Monday, March 28th 2016

AMD "Greenland" Vega10 Silicon Features 4096 Stream Processors?

The LinkedIn profile of an R&D manager at AMD discloses key details of the company's upcoming "Greenland" graphics processor, which is also codenamed Vega10. Slated for an early-2017 launch, according to AMD's GPU architecture roadmap, "Greenland" will be built on AMD's "Vega" GPU architecture, which succeeds even the "Polaris" architecture, which is slated for later this year.

The LinkedIn profile of Yu Zheng, an R&D manager at AMD (now redacted), screencaptured by 3DCenter.org, reveals the "shader processor" (stream processor) count of Vega10 to be 4,096. This may look identical to the SP count of "Fiji," but one must take into account "Greenland" being two generations of Graphics CoreNext tech ahead of "Fiji," and that the roadmap slide hints at HBM2 memory, which could be faster. One must take into account AMD's claims of a 2.5X leap in performance-per-Watt over the current architecture with Polaris, so Vega could only be even faster.
In related news, AMD could be giving final touches to its first chips based on the "Polaris" architecture, a performance-segment chip codenamed "Ellesmere" or Polaris10, and a mid-range chip codenamed "Baffin" or Polaris11. "Ellesmere" is rumored to feature 36 GCN 4.0 compute units, which works out to 2,304 stream processors; and a 256-bit wide GDDR5 (or GDDR5X?) memory interface, with 8 GB standard memory amount. The specs of "Baffin" aren't as clear. The only specification doing rounds is its 128-bit wide GDDR5 memory bus. Products based on both these chips could launch in Q3, 2016. Sources: 3DCenter, 1, 2
Add your own comment

21 Comments on AMD "Greenland" Vega10 Silicon Features 4096 Stream Processors?

#1
the54thvoid
Anyone not seeing the elephant in the room? Polaris releases late 2016, generously maybe by autumn/fall. A few months later, new architecture is released again. Makes zero sense unless they're doing a reverse Nvidia. Vega becomes the Titan style part, with Polaris 10 & 11 being the x80 and x70 parts.

FUD I say.
Posted on Reply
#2
uuuaaaaaa
the54thvoid said:
Anyone not seeing the elephant in the room? Polaris releases late 2016, generously maybe by autumn/fall. A few months later, new architecture is released again. Makes zero sense unless they're doing a reverse Nvidia. Vega becomes the Titan style part, with Polaris 10 & 11 being the x80 and x70 parts.

FUD I say.
These are my predicitons:

Polaris (10 and 11) - May / July - Expect at least R9 390 X class performance cards for cheap. (Much like the HD2900 XT to the HD 3870 transition) R9 470 and R9 480 parts.
Vega - ( September 2016 to January 2017) I expect these to be the R9 490 X cards.

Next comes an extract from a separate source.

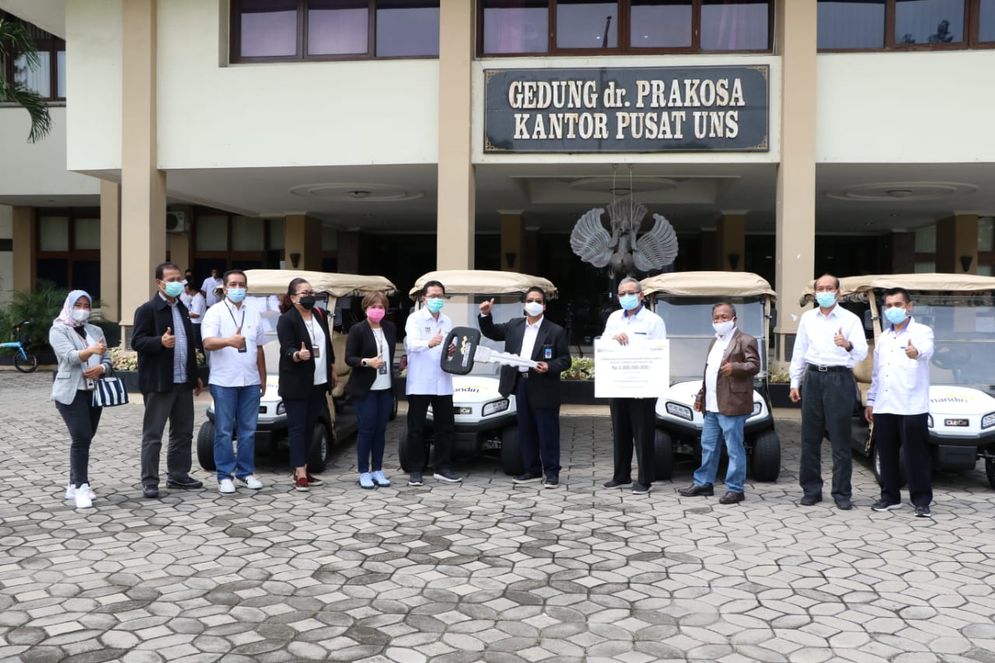 Penyerahan mobil listrik dari Bank Mandiri Pada Rektor UNS Surakarta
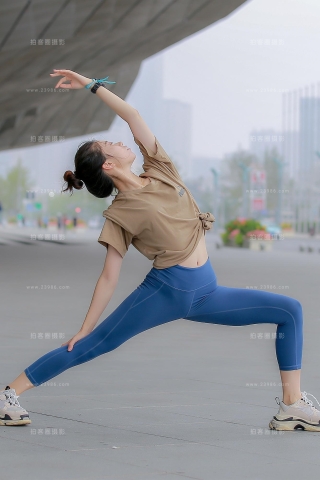 紧身裤瑜伽学员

Or you could tier these one up being Polaris 11/10 the 480 and 490 class of cards and Vega be the Fiji successor.
Posted on Reply
#3
Mathragh
Going by what Raja told Ryan from PCPer, I expect RTG to use two chips (on an interposer maybe?) on their top Vega part.
Posted on Reply
#4
john_
I think I was expecting this. Who knows how many years companies will have to stay at 14nm. Who knows how much more expensive will be the transition to 10nm.

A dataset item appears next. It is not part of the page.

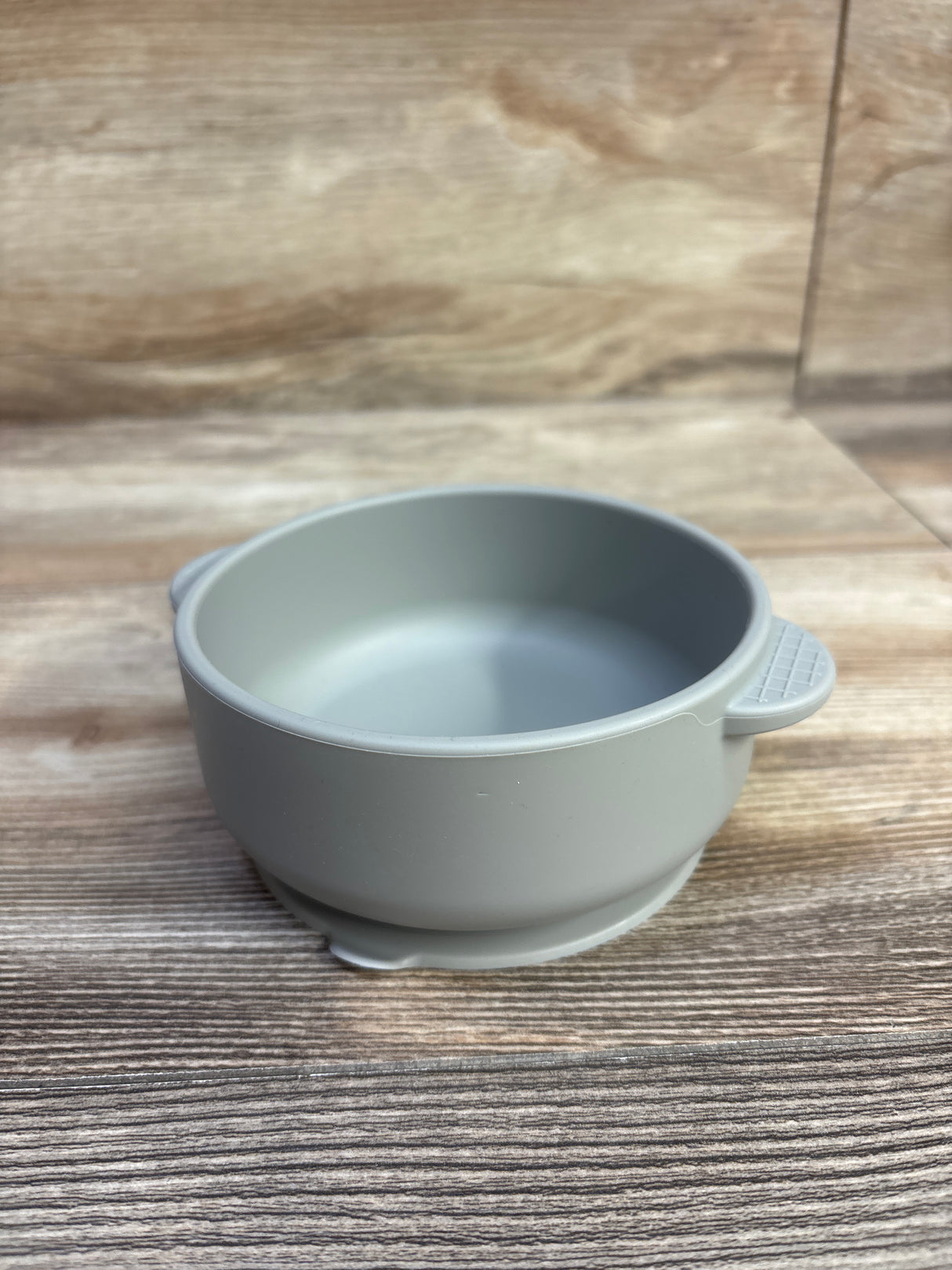 Weesprout Silicone Suction Bowl in Grey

So they will give a 15-25% performance improvement, mostly from higher frequencies and architectural changes, for 3/4 of the power consumption thanks to the 14nm/16nm process, compared to today's models and that's it for this summer.

Add to that GDDR5/X and not HBM, the rumors that Polaris remains a feature level 12_0 card and Pascal still doesn't know what Async compute is, and we already start to question if this summer's models are the cards we are waiting for and not those that will come latter.
Posted on Reply
#5
NC37
the54thvoid said:
Anyone not seeing the elephant in the room? Polaris releases late 2016, generously maybe by autumn/fall. A few months later, new architecture is released again. Makes zero sense unless they're doing a reverse Nvidia. Vega becomes the Titan style part, with Polaris 10 & 11 being the x80 and x70 parts.

FUD I say.
Probably because most likely Polaris is just Fiji 2.0. Fury with a die shrink. Could be the entire Polaris line will just be variations of Fury with different stream processor or memory counts.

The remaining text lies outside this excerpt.